Juxtapositions of child and adult, light and heavy, and even life and death sprang forward from the Afghan landscape, contrasts familiar from the patterns of literature. Blending direct language and poetic devices made the vital connection between being a veteran and a scholar. “There’s a lot of moral ambiguity in war. Poetry is great with ambiguity,” Corley says. “Many veterans are uncomfortable with how they feel.”
Their chirrupy greetings and coffeed-up voices accused the worm end of our day/ with theories and questions concocted in situ to keep the drama at bay/by heading it off with a plausible alibi whose fullness made loss an effect/ of larger dynamics and historical precedents in a previously understood sect./ Any details we had that CNN missed would put them ahead of the game,/saved from the fire with their basket of eggs and us in the angle of blame.
“Watching Our Back”, Badlands
In several of his poems, the inspiration stems from frustration toward bureaucracy. “This is a very bitter poem that denounces Pentagon-based military and civilian leadership that viewed the war as a public relations game,” Corley says. “These people were supposed to be watching our backs, but instead we had to watch our own in dealings with them.”
A photograph he took standing near an ancient Kabul fortress graces the cover of Badlands.
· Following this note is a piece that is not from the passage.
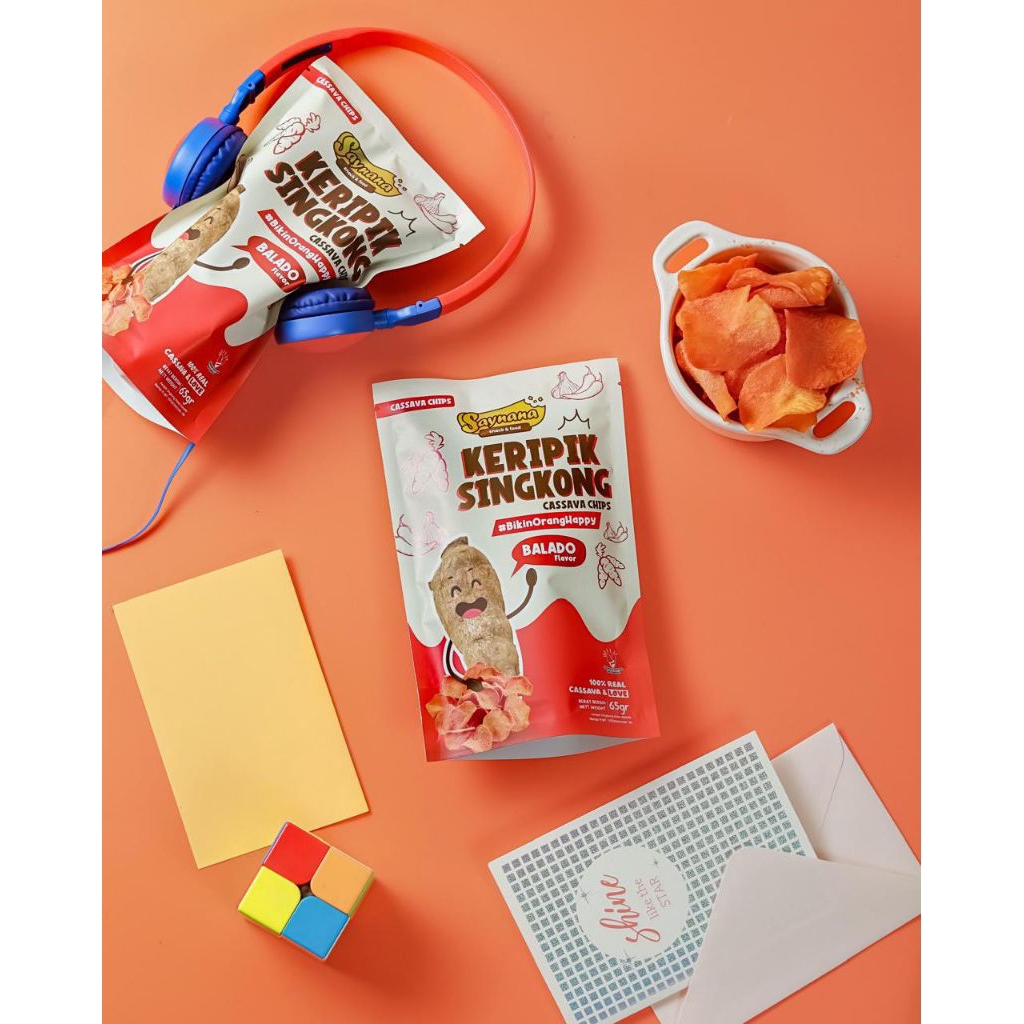 

Saynana snack &food keripik pisang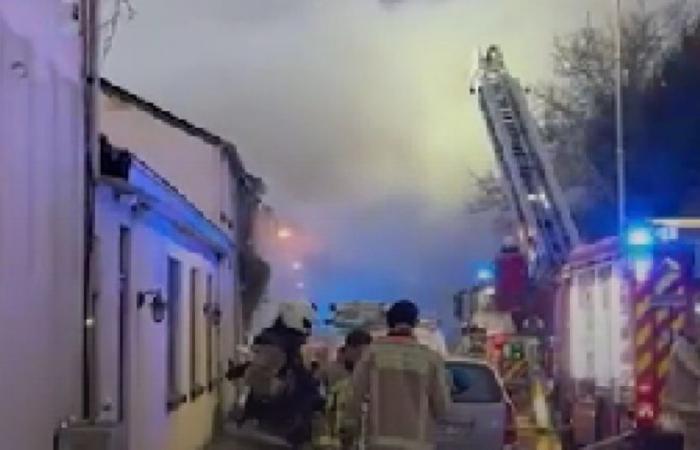 A septuagenarian dies in a house fire in Hasselt, the reasons for the tragedy still to be clarified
A massive carcass of a Soviet tank sits half-buried atop a rocky knoll, looking down on mud-colored apartments, sparse power lines and laundry fluttering in the wind. The photo reveals that even the outskirts of the Afghan city were caught in the crosshairs, and that history always asserts itself.
the chicle boy I didn’t buy from last week/ holds out his hand again,/ in it a pack of something/ I don’t need. Today he tumbled upward/ like a leaf blown back to an awestruck/ branch, tossed like my girl as she flies confiding/ from my arms./ Only Tuesday he plucked a pen from my sleeve
“Something Else You Don’t Need”, Proud to Be: Writing by American Warriors
Corley incorporates events from his military life to reflect on the cost of war. The death of a boy who sold chewing gum near a base reminded him of his own children, thousands of miles away. The tragedy is a jolting reminder to the audience that innocent bystanders can die.
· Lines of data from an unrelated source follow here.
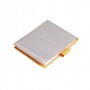 Rhodia Notepad cover + notepad N°11 quaderno per scrivere A7 80 fogli Argento (118101C)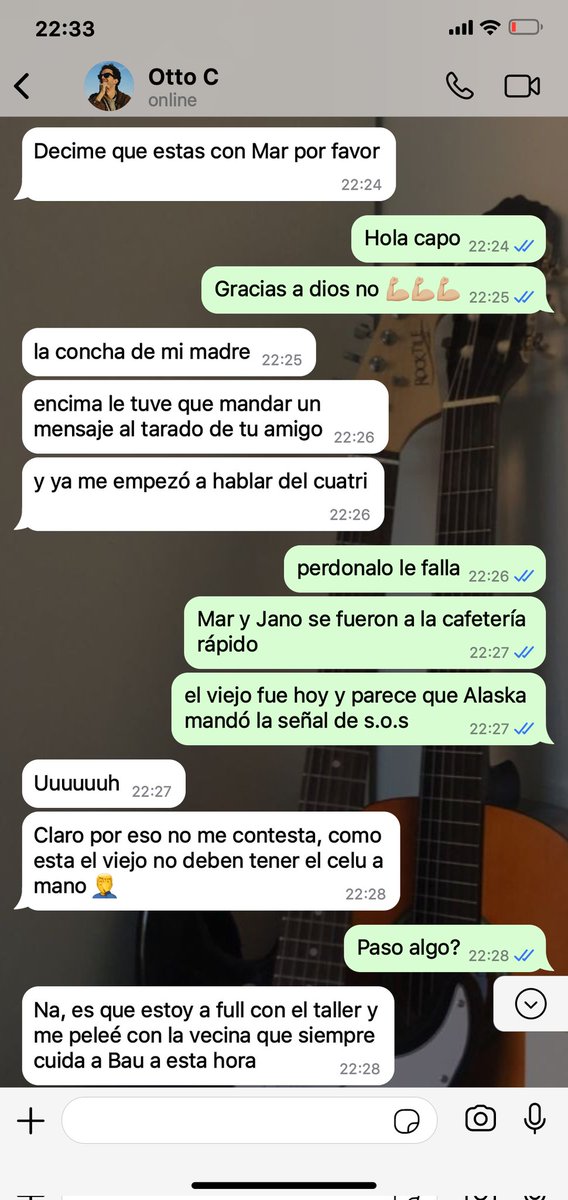 pipeisy's tweet photo. — 21. "una niñera a prueba de balas?" https://t.co/uGZRvHCgf2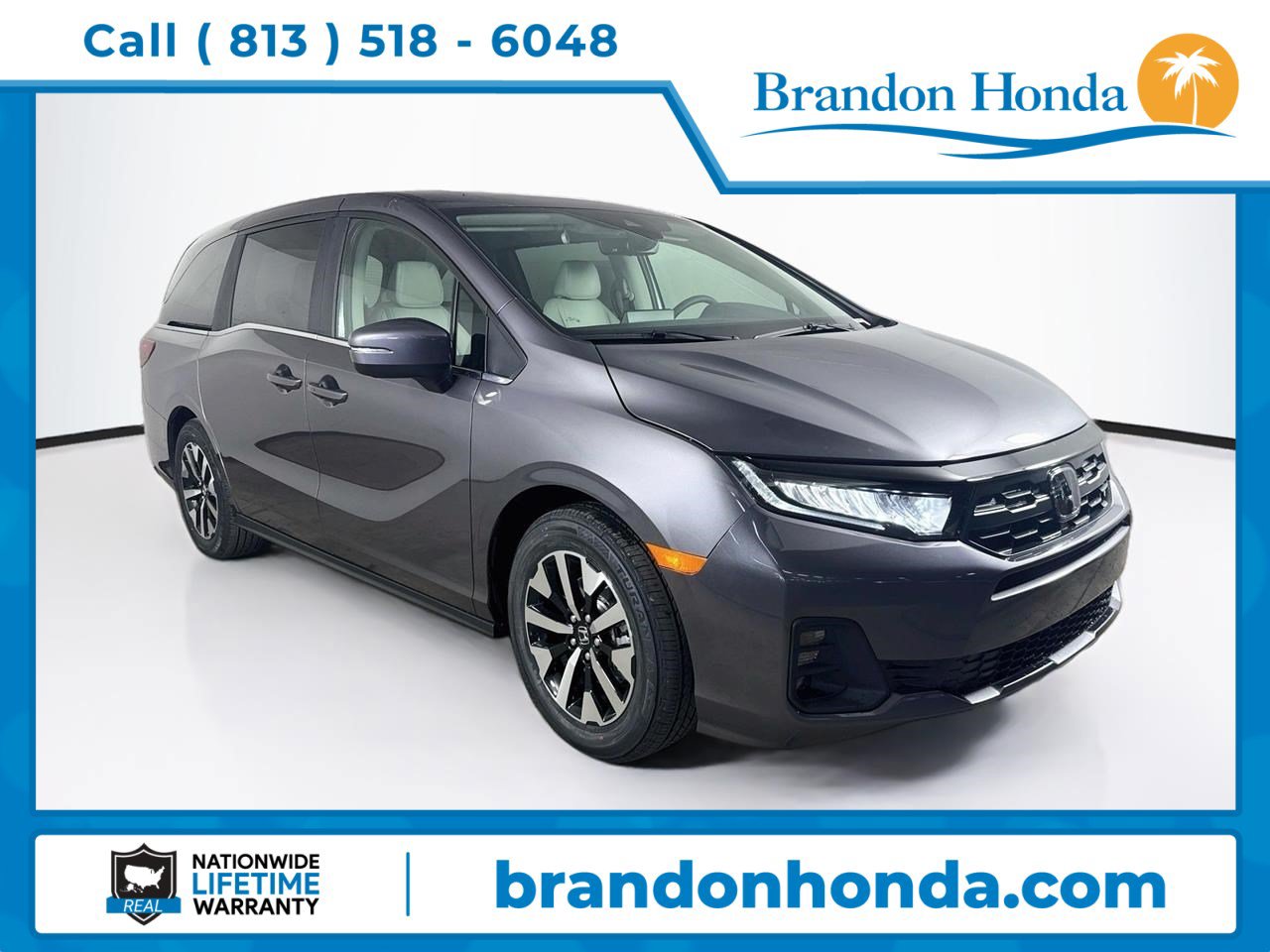 New 2027 Honda Odyssey EX-L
a poem for the other soldiers/ citizens who never fired back/ sleeping in armor/ under a rifle’s dead weight/ crammed in rows
“unwound”, Chautauqua: War and Peace
Although many like Corley never directly faced combat, they suffered invisible wounds. The word “unwound” suggests a need to unwind after a stressful day, or the spring tension in a gun magazine. Playing with these three connotations against imagery of guns and bullets, he discusses the constant pressures and tension of duty that are not readily apparent.
This I want America/ to see: a gap-toothed child sucking on a watermelon/ Jolly Rancher, a taste foreign/ as the clacking of needles in a warm/Midwestern home.
“Care Package”, Proud to Be: Writing by American Warriors
Well-intentioned civilians send supplies, but soldiers keep only a few items such as coffee and razors. Everything else— knitted caps, deodorant, candy— is donated to the villagers. Using the imagery of care packages, Corley explores the contradictory role that civilians play from the home front. Support for the troops runs deep, but the American public is oblivious to the reality of life in a war zone.
“To begin with, I have never considered my response to duty’s call to be particularly courageous or even, considered alongside other worthy callings, unusually admirable… I did my duty for the good that it brings and not the innate pleasures of the task. A heroic warrior I am not.”
“Achilles Among the Maidens”, War, Literature and the Arts
The search for a veteran identity is strong in much of Corley’s writing. “I write so that other veterans have words to express the jumbled up mess inside, and I hope that my poems in some small way give them back to themselves,” he says. “I always have a veteran audience in mind when I write. Those are the people I am accountable to for telling the truth.”
Corley’s poetry, along with the works of other veteran writers, may provide insight for civilian and scholarly audiences. He has read some of his poems at readings, but he primarily shares them with his students at the end of a class.
“I like having a live audience. It makes me see my own words differently. Sometimes it helps me revise. Sometimes it just shows me that the words we find through poetry are never just our own.”